In the listing below, the answer starts at the line that has "国产动画电影被神仙鬼怪困住了吗 神怪题材的双刃剑效应" and stops after the line that has "楽天市場】シルバー925 アラベスクバングル ラインバングル 唐草 線"; please repeat that part exactly and nothing more.

RECORDS TO USE:
■ ■ ■ ■ ■ ■ ■
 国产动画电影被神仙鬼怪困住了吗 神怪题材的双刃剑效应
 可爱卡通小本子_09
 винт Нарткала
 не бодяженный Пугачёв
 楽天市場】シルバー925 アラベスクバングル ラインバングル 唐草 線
■ ■ ■ ■ ■ ■ ■
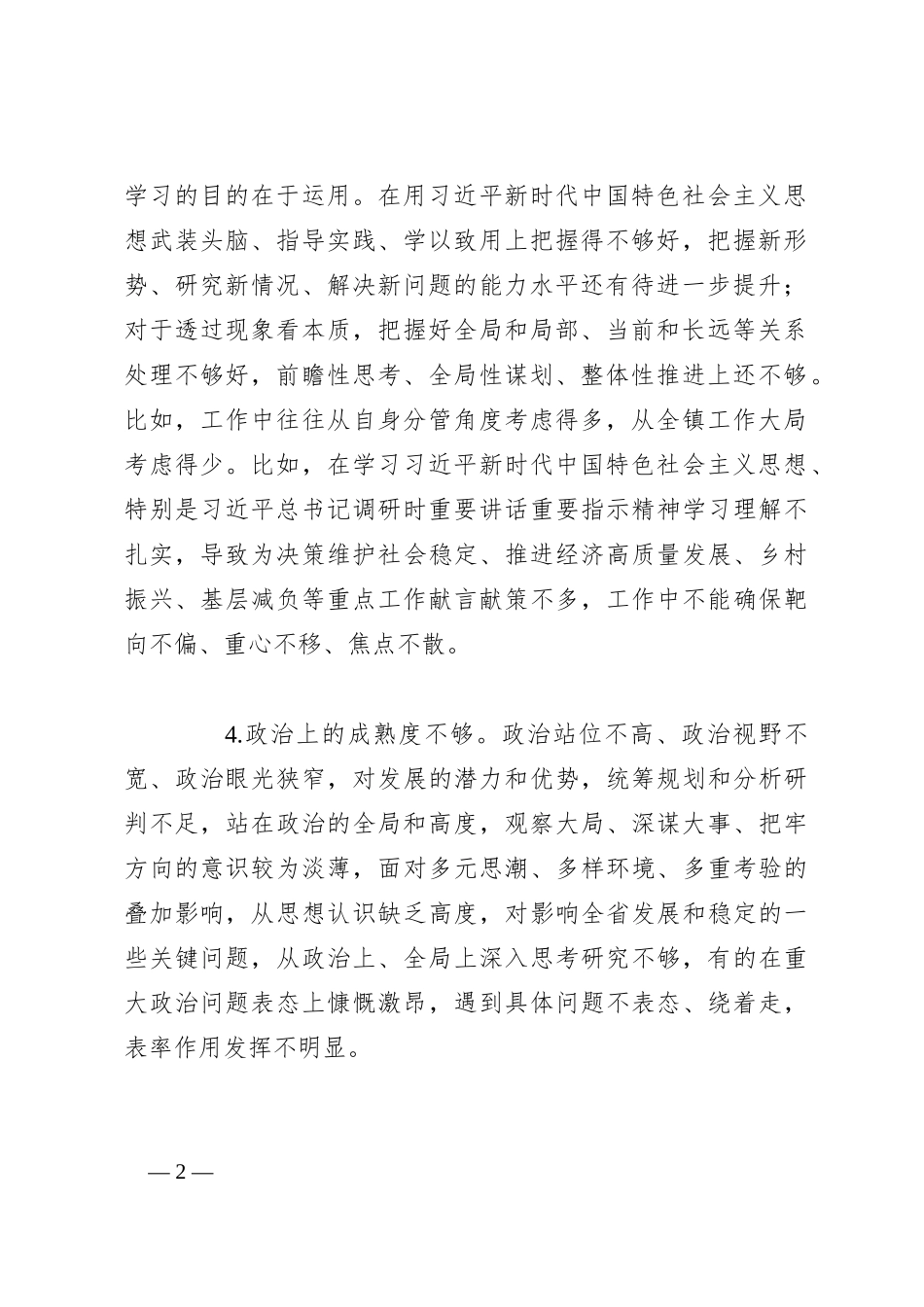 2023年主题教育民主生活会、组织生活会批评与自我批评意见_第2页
■ ■ ■ ■ ■ ■ ■
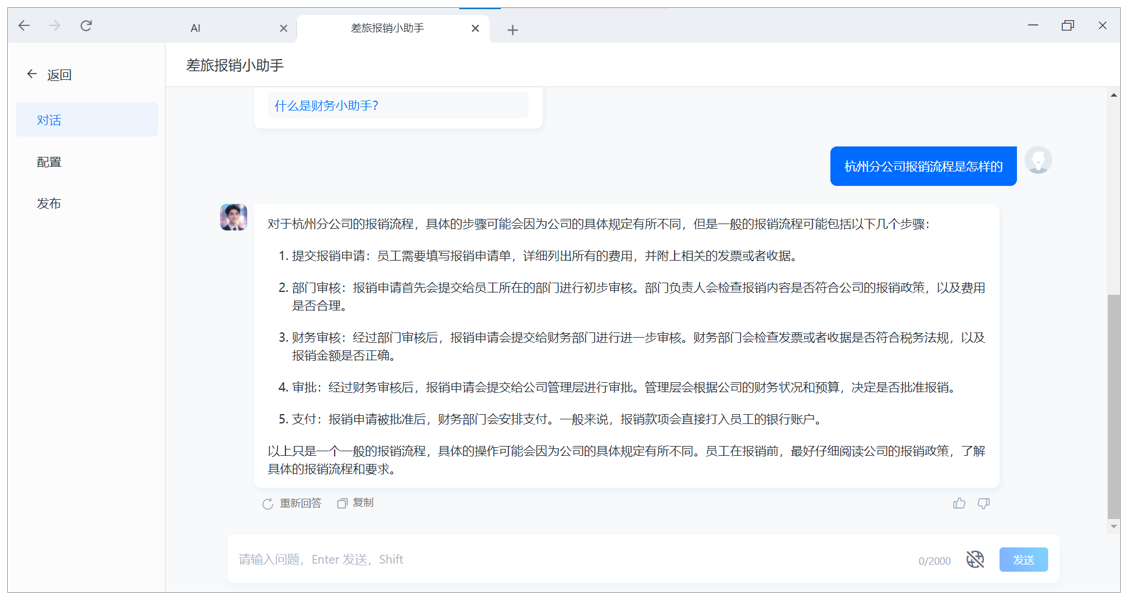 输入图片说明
■ ■ ■ ■ ■ ■ ■
OUTPUT:
 国产动画电影被神仙鬼怪困住了吗 神怪题材的双刃剑效应
 可爱卡通小本子_09
 винт Нарткала
 не бодяженный Пугачёв
 楽天市場】シルバー925 アラベスクバングル ラインバングル 唐草 線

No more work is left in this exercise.